I will sniff the fissures in the ponderosa bark for the sweet vanilla scent of sap and know by the intensity whether or not the sap has started rising in the spring.  I will taste the ripening huckleberries that scent the forest in the mid-afternoons of August with their sweet baking pie smells, and pucker my lips at the bitter flavor of buffalo berries.

I listen for the sound of wings when a shadow darts across the meadow and wonder at the stealthy silence of the Great Horned Owl as he passes overhead, or thrill to the deep pulsing thrum of the heron as he heads to the river, looking for all the world like a pterodactyl with his long neck crooked in.

And I don’t just notice the blooming of a wildflower, but will look deeper at it’s leaves, maybe the small and thick skinned leaves of an alpine plant designed to conserve moisture,  hugging close to the earth before a radiant, heat producing rock.

I experience it deeply so that when I write about it in the blog I can attempt to make my reader feel, hear, see, smell and taste the wild.  And in the writing I go deeper still, finding connections and insights I would have missed had I just let the experience pass.
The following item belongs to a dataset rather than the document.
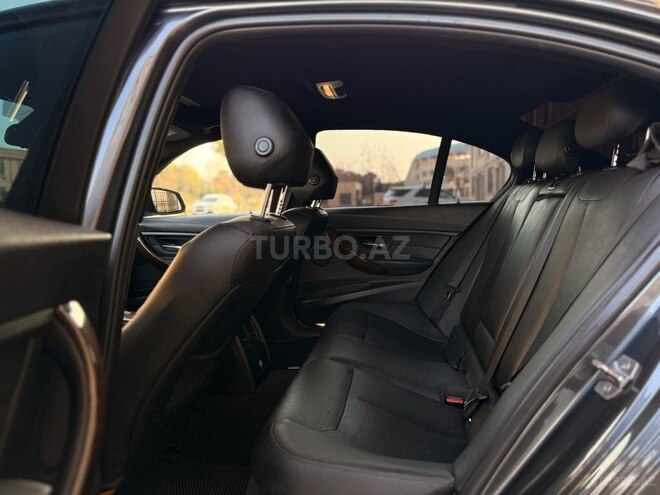BMW 328 2015, 193,000 km - 2.0 l - Sumqayıt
Finally, I have rejoiced in the feedback from you, my readers, some of you close friends who share similar experiences with me or will add to what I know with your own specialized knowledge.  Or perhaps you are someone I don’t know and you have just  stumbled across my blog and that is always a thrill, to make a connection to another curious naturalist in another part of the country or the world.  It is exciting and inspiring to share in your own beautiful poetry or stories and see your homeland  through your eyes in your creative photography.

So to all of you who have read this blog over the last year I thank you and I encourage you to comment and share over this next year so we can, as Barry Lopez says, “create an atmosphere in which the wisdom inherent in the world becomes apparent.”